Toutefois, dira le président de la République, pour faire face à cette situation, le Sénégal a adopté et mis en œuvre depuis 2000, des politiques définies dans les Document stratégiques de réduction de la pauvreté (DSRP), de la Stratégie de croissance accélérée (SCA) et de la loi d’orientation agro-sylvo-Pastorale (LOASP) à travers d’importants programmes d’amélioration, de renforcement et de modernisation de la base de production agricole. Des programmes spéciaux de développement des filières agricoles et le Plan de retour vers l’agriculture (REVA) et tout dernièrement en 2008 de la Grande offensive agricole pour la nourriture et l’abondance (GOANA) pour une approche plus durable de la sécurité alimentaire à travers l’autosuffisance à savoir « Produire ce que nous consommons et consommer ce que nous produisons ».

Toutefois, Me Wade estime que force est de constater que le système de financement de l’agriculture porte essentiellement sur les besoins de campagne des exploitants. Il se caractérise par un taux d’intérêt jugé trop élevé, une accessibilité limitée par un circuit d’examen long des dossiers au niveau des systèmes classiques de crédit agricole, et l’inadaptabilité ou la quasi absence de structures de crédit de proximité pouvant offrir des alternatives. Par ailleurs, soutient Me Wade, l’insuffisance de crédits moyens termes et l’absence quasi-totale de crédits longs termes pesant lourdement sur les niveaux d’équipements et les capacités de maintenance et de renouvellement des matériels, infrastructures et équipements agricoles.
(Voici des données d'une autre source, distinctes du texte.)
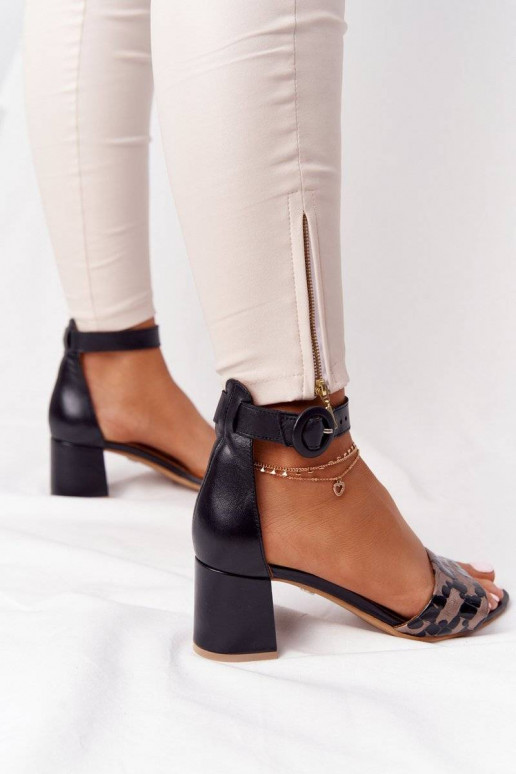 Sandales à talons élégantes Noir et doré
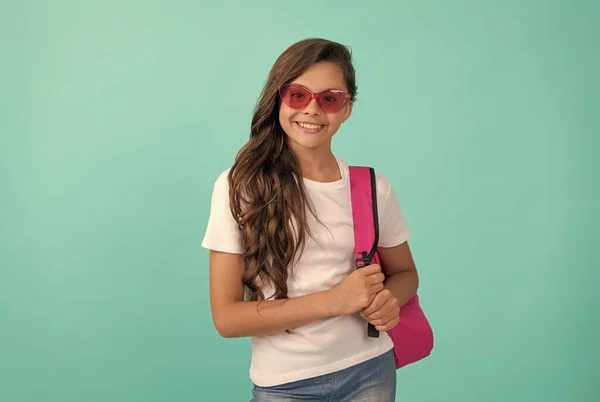 Gelukkig kind met rugzak en copybook in zonnebril klaar om te studeren op school, roestig — Stockfoto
La présente rencontre, estime Me Wade, vient à point nommé pour redynamiser la réflexion en vue d’un réel rétablissement de la situation.

Le Sénégal, soutient Me Wade, à l’instar des autres pays de la Cedeao, a son PNIA articulé autour de six thématique : amélioration de la gestion de l’eau, le développement durable des exploitations agricoles, la gestion améliorée des ressources naturelles, le développement des filières agricoles et la promotion des marchés, la prévention et la gestion des crises alimentaires et autres calamités naturelles et le renforcement institutionnel.